'I am trembling with fear of the expulsion day'

Amona resident tells Arutz Sheva that she finds it difficult to withstand the pressure; 'We do not know when they will come to expel us.'

Benny Tucker,

Tamar Nizri
Tamar Nizri
Nizri family

Amona resident Tamar Nizri is afraid these days, especially of the expected expulsion from her home in view of difficulties on the part of the Supreme Court with the implementation of the outline agreed upon with the government.

"These are feelings that we experienced here a month ago. Tension again begins circulating in the blood. The final date is the twelfth of Shevat and we do not know if we'll stay here until then - or if next week they will come to expel us from here," she told Arutz Sheva.

"We've been living here in a permanent house with our eight children for 16 years. After receiving the government outline we were crushed. Beyond that, our house is not mobile and can not be transferred. There was a big crisis also with the youth who saw us as traitors. In the past month we tried to pick up the pieces and now we've reached the second round."

Nizri does not hide her concern. "On the one hand there is faith in the great Creator of the universe who can do everything and I'm open to receive His abundance, on the other hand ... I am trembling from the expulsion date. I already see the youth coming back here in a big way and my adrenaline rises".

She believes that the coming Shabbat will be packed in the community. "As for us, we've returned to the fight. We reached the point of no return, because it is impossible to prepare.
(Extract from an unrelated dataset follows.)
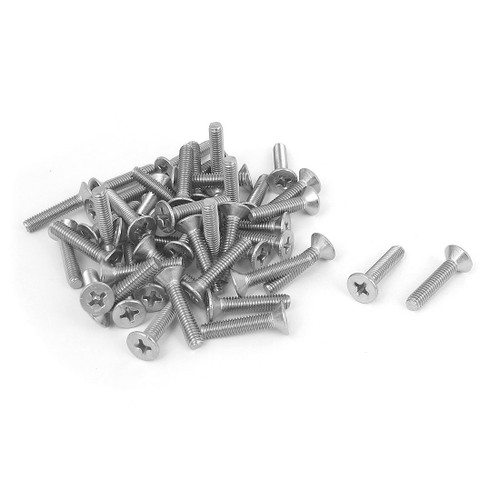 M4 x 20mm Phillips Flat Head Countersunk Bolts Machine Screws 50pcs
Tomorrow there will be an emergency meeting and we will call everyone back here this Shabbat, equipped to stay here until February eighth."

The Supreme Court issued an injunction Monday evening temporarily prohibiting the government from carrying out any construction on the plots of land set aside for alternative housing for the residents of Amona after Arabs from the settlement of Silwad and the leftist organization Yesh Din submitted a petition claiming ownership of the plots.

Had Israel not allowed Jordanian law to prevail in Judea and Samaria, although Jordan was unquestionably an occupier of those lands from 1949-1967, there could be compensation or alternate plots offered the claimants - if they were able to prove their claims.